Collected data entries

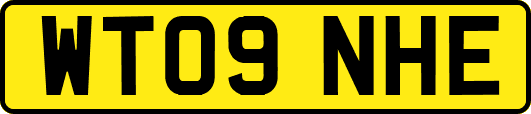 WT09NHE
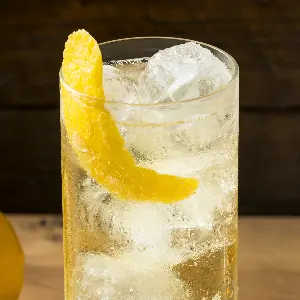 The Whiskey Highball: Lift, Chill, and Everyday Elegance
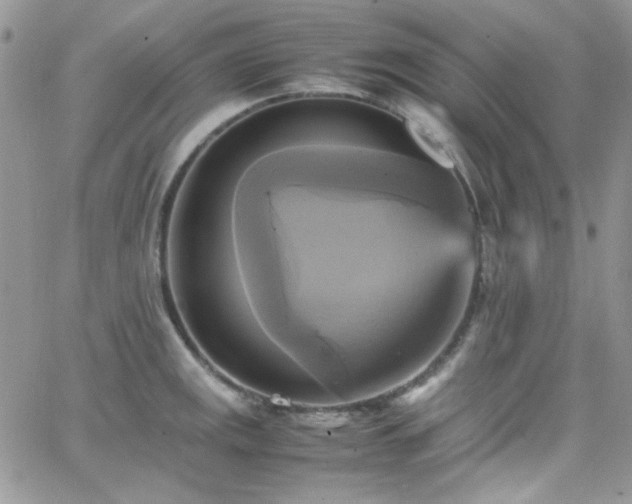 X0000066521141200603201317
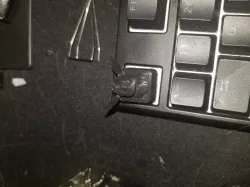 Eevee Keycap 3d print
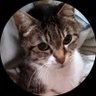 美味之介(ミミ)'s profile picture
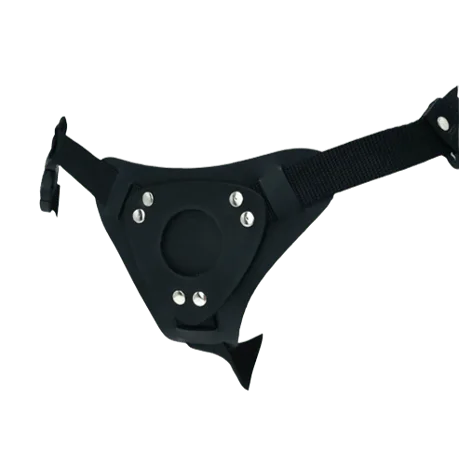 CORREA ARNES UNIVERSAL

- **Exercise description**
The reply should hold every record, unchanged, and no pictures.

- **Reply to the exercise**
 WT09NHE
 The Whiskey Highball: Lift, Chill, and Everyday Elegance
 X0000066521141200603201317
 Eevee Keycap 3d print
 美味之介(ミミ)'s profile picture
 CORREA ARNES UNIVERSAL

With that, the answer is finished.